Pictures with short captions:
####################

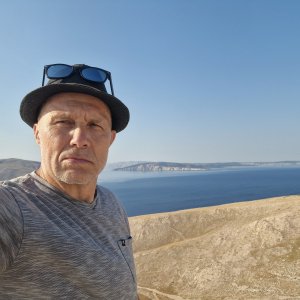 Rastislav Biarinec on the summit of Bag JV (1.8.2026 8:05)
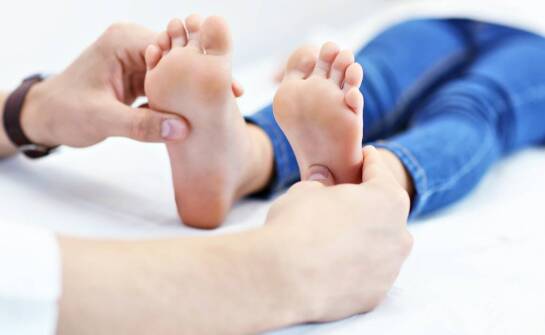 Jak osteopatia dziecięca wspiera rozwój fizyczny dzieci?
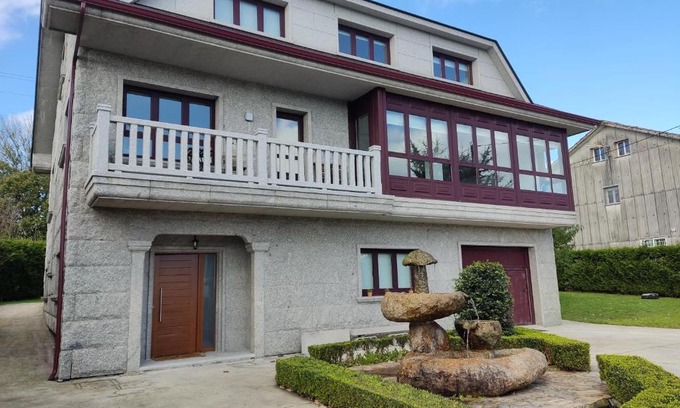 Sigueiro House | Discover Casa Rigo: Pet-Friendly Retreat near Santiago
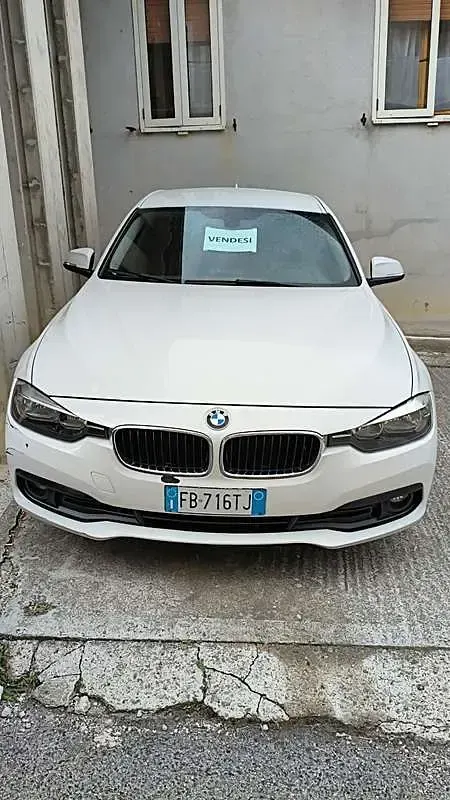 Usata BMW 320 Advantage 190 CV (139 kW) 2015 Bianco Station wagon
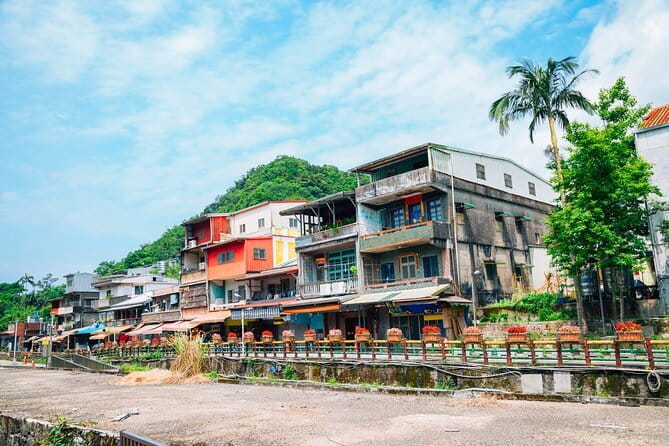 7-Hour Join tour - Jiufen Village & Shifen Town - Shifen Waterfall, Taiwan’s broad natural showpiece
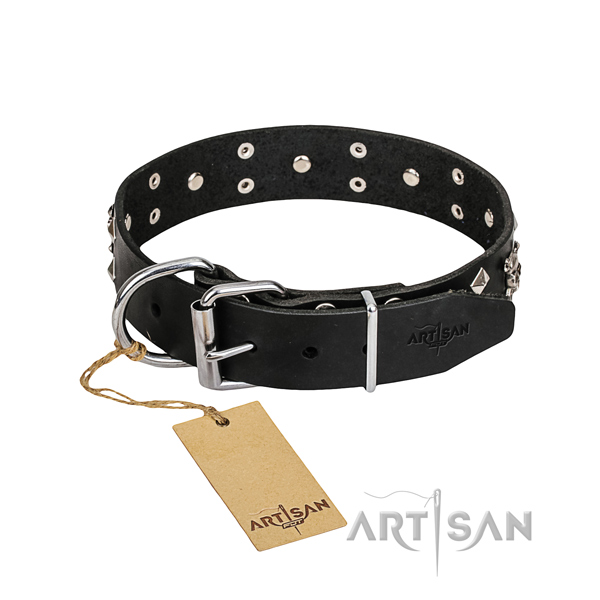 Leather dog collar with smooth edges for pleasant daily wearing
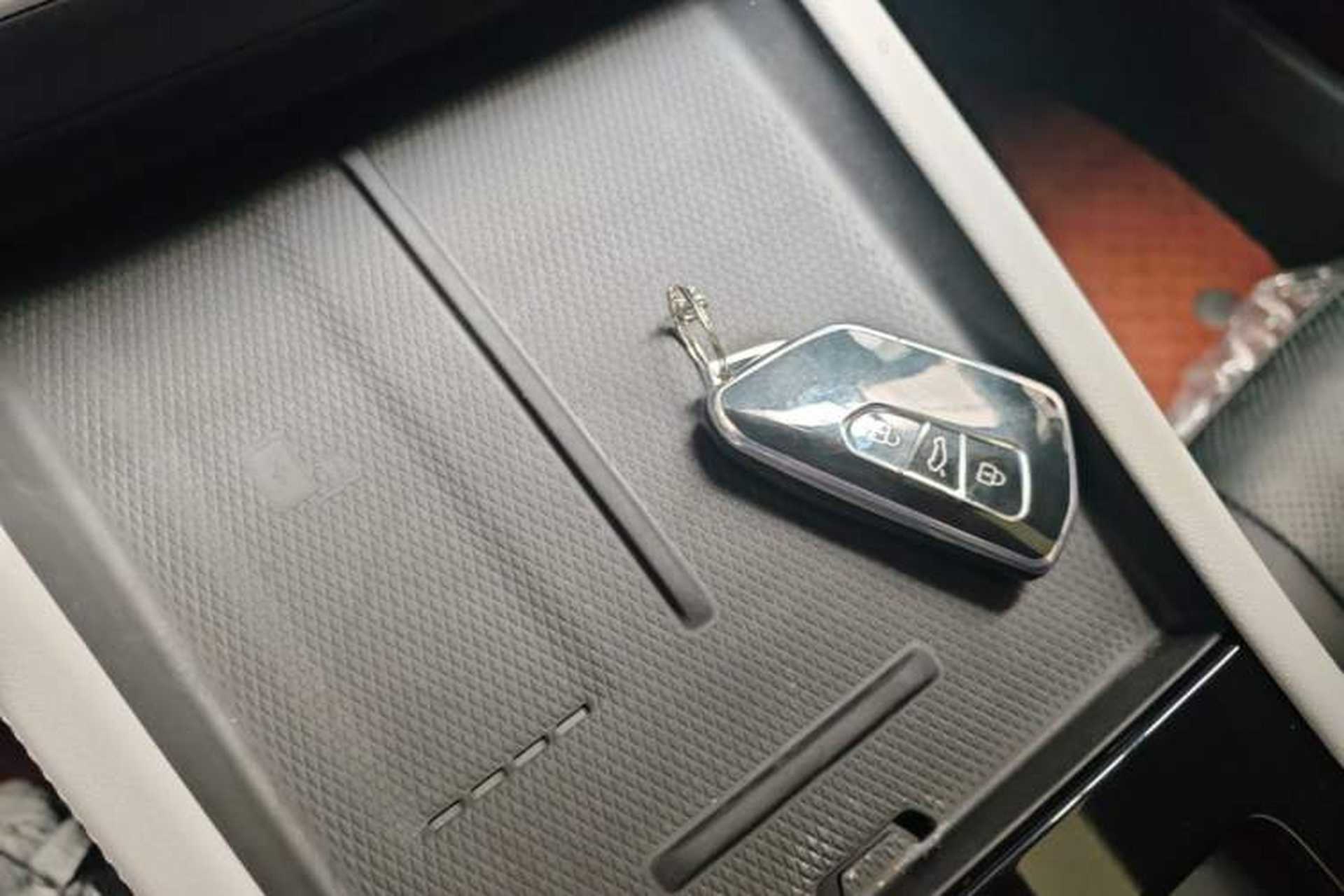 Used Jetta VS8 2026 Model 280TSI Automatic Supreme Edition Vehicle Key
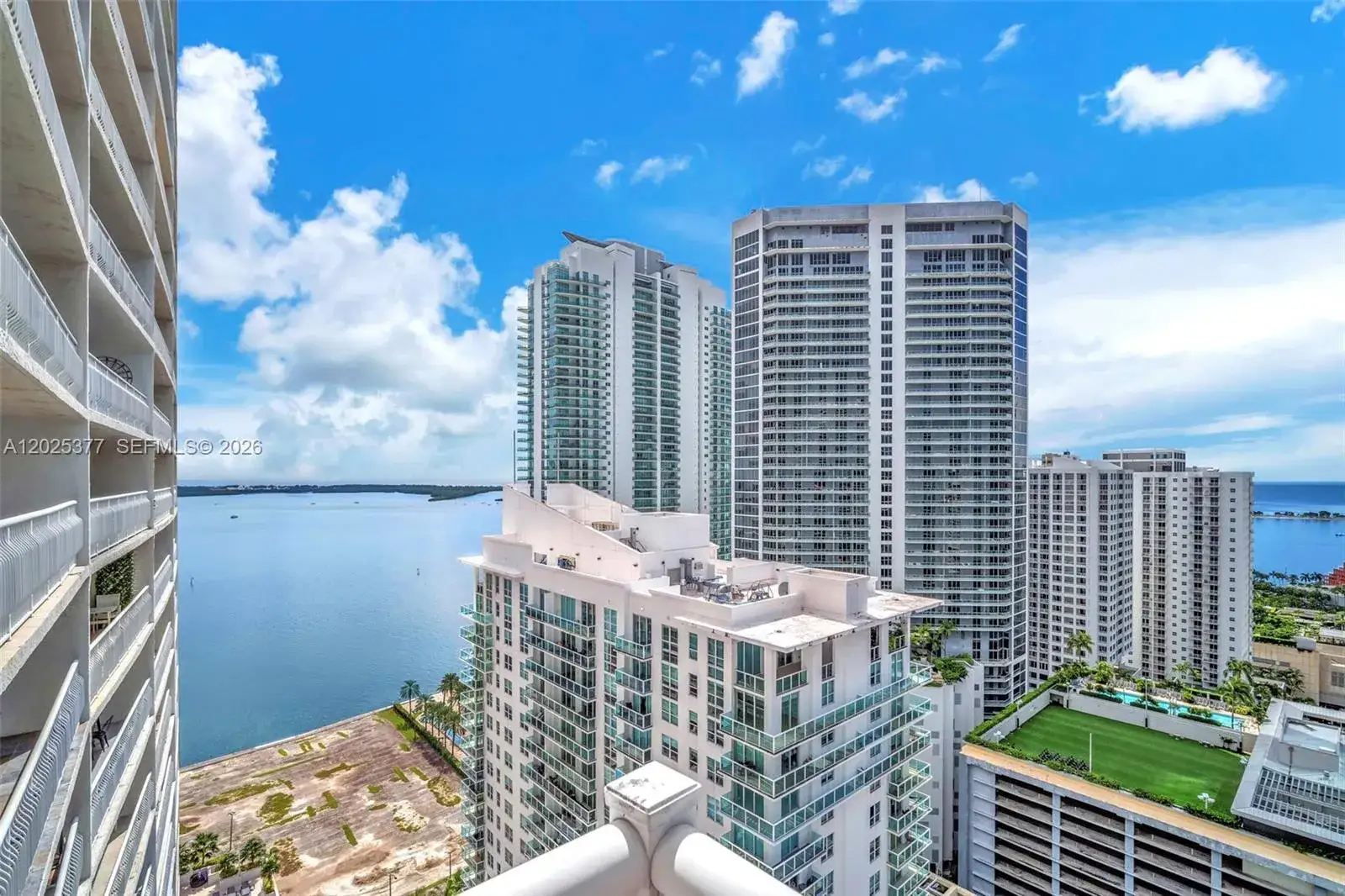 2 bedroom 2 bath Residential Lease for rent at 1200 Brickell Bay Dr # 3123, Miami FL 33131
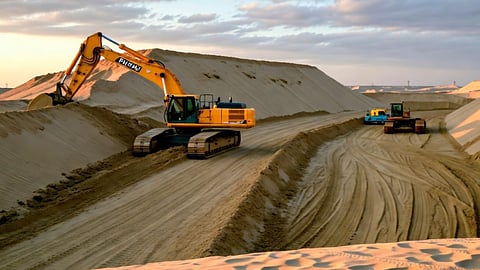 Sand Business News: बेकाबू होती महंगाई ने निर्माण कार्य कराने वालों का बजट बिगाड़ कर रख दिया है। रेत की कीमतें आम आदमी के बस के बाहर हो चली हैं।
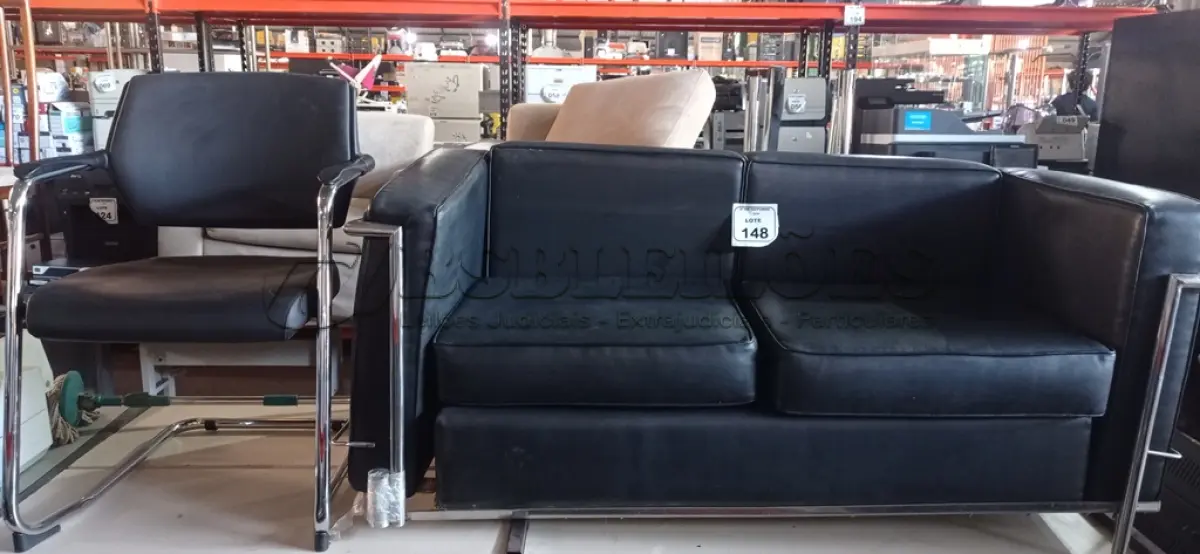 LOTE 148 - 01 SOFÁ DE ESPERA DE 02 LUGARES NA COR PRETA E 01 CADEIRA DE PÉS FIXOS. (NO ESTADO) ATENÇÃO! FAZER A VISITAÇÃO ANTES DE ARREMATAR, NÃO SABEMOS SE FUNCIONA, LEILÃO NÃO TEM GARANTIA E NEM DEVOLUÇÃO, SUJEITO A POSSÍVEIS AVARIAS VISÍVEIS/OCULTAS E/OU AUSÊNCIA DE COMPONENTES.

####################

### Action item
Please retype the records above exactly, excluding every picture.

### Response box
 Rastislav Biarinec on the summit of Bag JV (1.8.2026 8:05)
 Jak osteopatia dziecięca wspiera rozwój fizyczny dzieci?
 Sigueiro House | Discover Casa Rigo: Pet-Friendly Retreat near Santiago
 Usata BMW 320 Advantage 190 CV (139 kW) 2015 Bianco Station wagon
 7-Hour Join tour - Jiufen Village & Shifen Town - Shifen Waterfall, Taiwan’s broad natural showpiece
 Leather dog collar with smooth edges for pleasant daily wearing
 Used Jetta VS8 2026 Model 280TSI Automatic Supreme Edition Vehicle Key
 2 bedroom 2 bath Residential Lease for rent at 1200 Brickell Bay Dr # 3123, Miami FL 33131
 Sand Business News: बेकाबू होती महंगाई ने निर्माण कार्य कराने वालों का बजट बिगाड़ कर रख दिया है। रेत की कीमतें आम आदमी के बस के बाहर हो चली हैं।
 LOTE 148 - 01 SOFÁ DE ESPERA DE 02 LUGARES NA COR PRETA E 01 CADEIRA DE PÉS FIXOS. (NO ESTADO) ATENÇÃO! FAZER A VISITAÇÃO ANTES DE ARREMATAR, NÃO SABEMOS SE FUNCIONA, LEILÃO NÃO TEM GARANTIA E NEM DEVOLUÇÃO, SUJEITO A POSSÍVEIS AVARIAS VISÍVEIS/OCULTAS E/OU AUSÊNCIA DE COMPONENTES.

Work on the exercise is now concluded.